DATA TO PROCESS below:

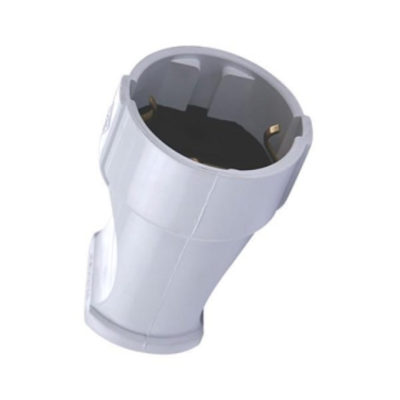 Штепсель 1 гн с/з бел. Makel (1/50/200)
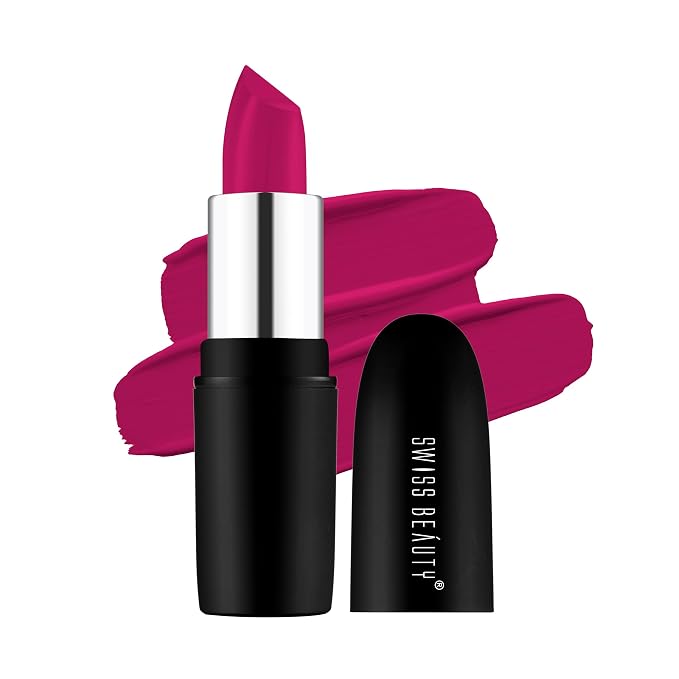 Swiss Beauty Pure Matte Lipstick 3.8gm ( 223 Velvet Maroon )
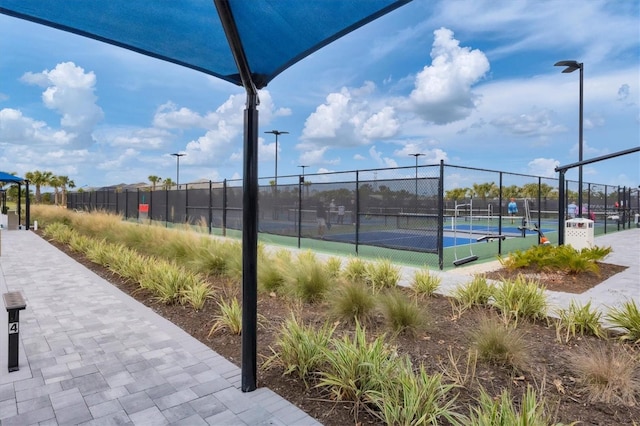 view of tennis court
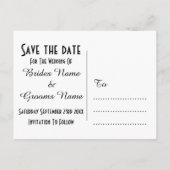 American eagle and flag save the date announcement postcard (Back)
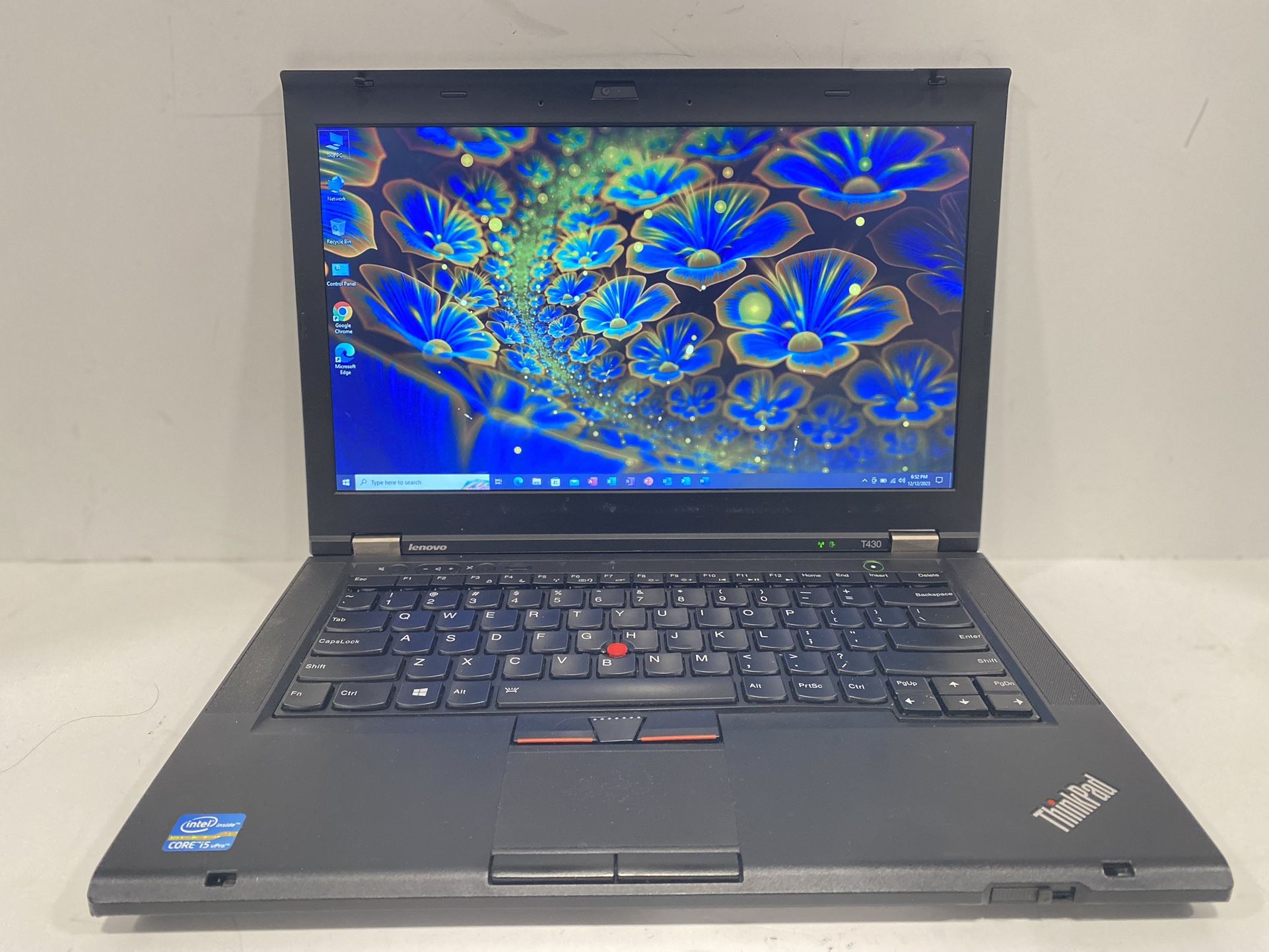 Lenovo T430, Intel Core i5, 2.60 GHz, 8 GB RAM, 120 GB SSD, Wireless Wifi, Webcam, DVDRW, Mini Display Port, Windows 10 Pro, Office 2019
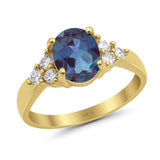 Vintage Style Oval Natural Stone Ring 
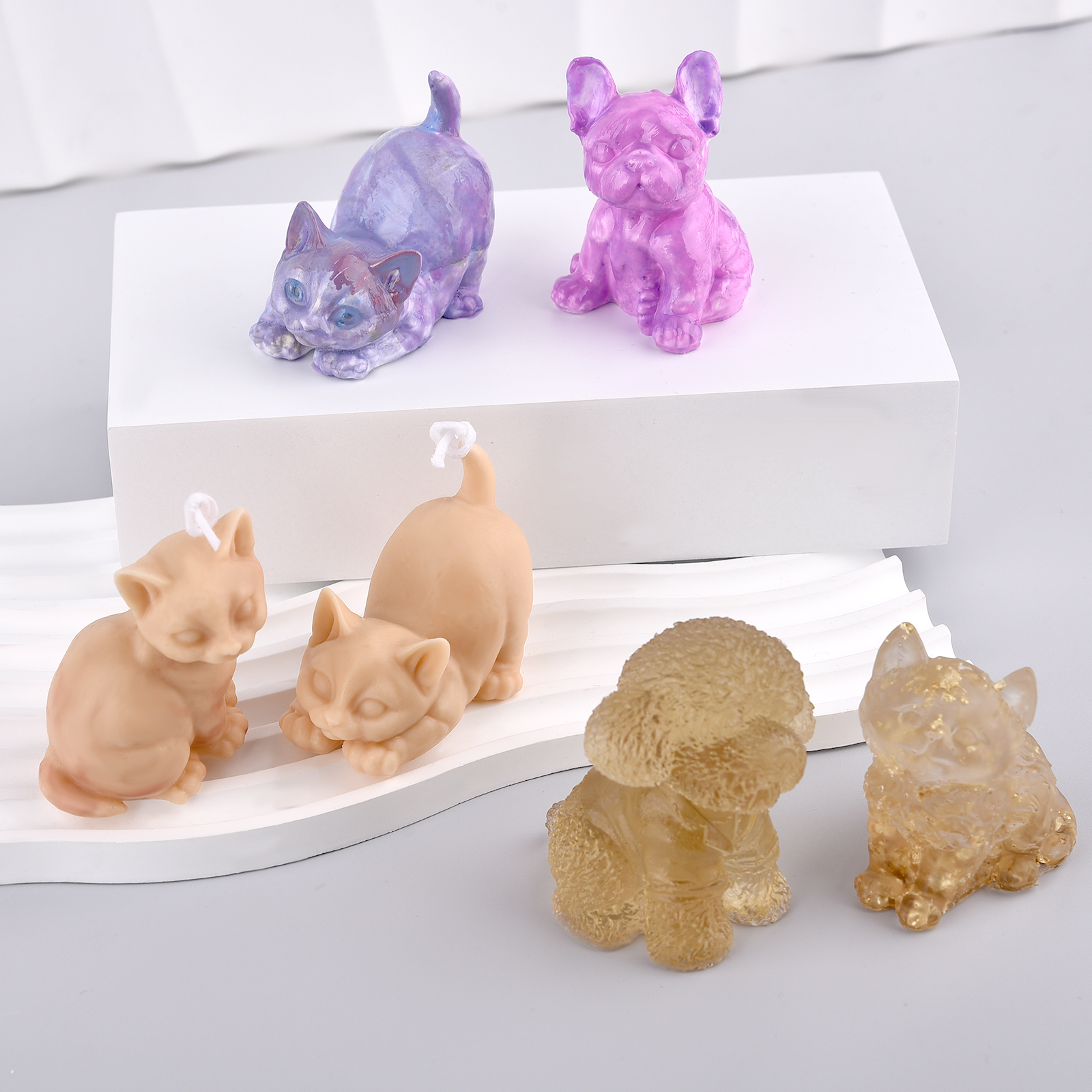 3D Dogs Cats Silicone Mold For - Soap Making Supplies บทวิจารณ์และราคา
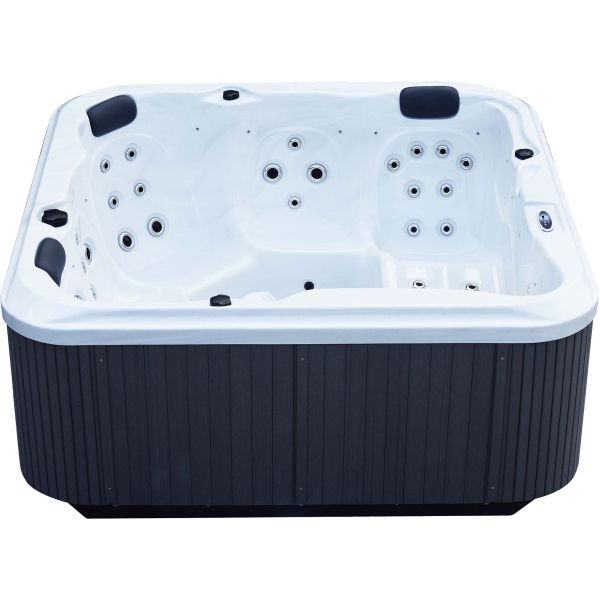 Spa rigide gris et blanc marbré jets et leds - 6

End of DATA TO PROCESS.

ABOUT THIS TASK
Set down exactly the lines of the entries above from the one holding "Swiss Beauty Pure" through the last one, including both, with the pictures left out.

ANSWER SPACE
 Swiss Beauty Pure Matte Lipstick 3.8gm ( 223 Velvet Maroon )
 view of tennis court
 American eagle and flag save the date announcement postcard (Back)
 Lenovo T430, Intel Core i5, 2.60 GHz, 8 GB RAM, 120 GB SSD, Wireless Wifi, Webcam, DVDRW, Mini Display Port, Windows 10 Pro, Office 2019
 Vintage Style Oval Natural Stone Ring 
 3D Dogs Cats Silicone Mold For - Soap Making Supplies บทวิจารณ์และราคา
 Spa rigide gris et blanc marbré jets et leds - 6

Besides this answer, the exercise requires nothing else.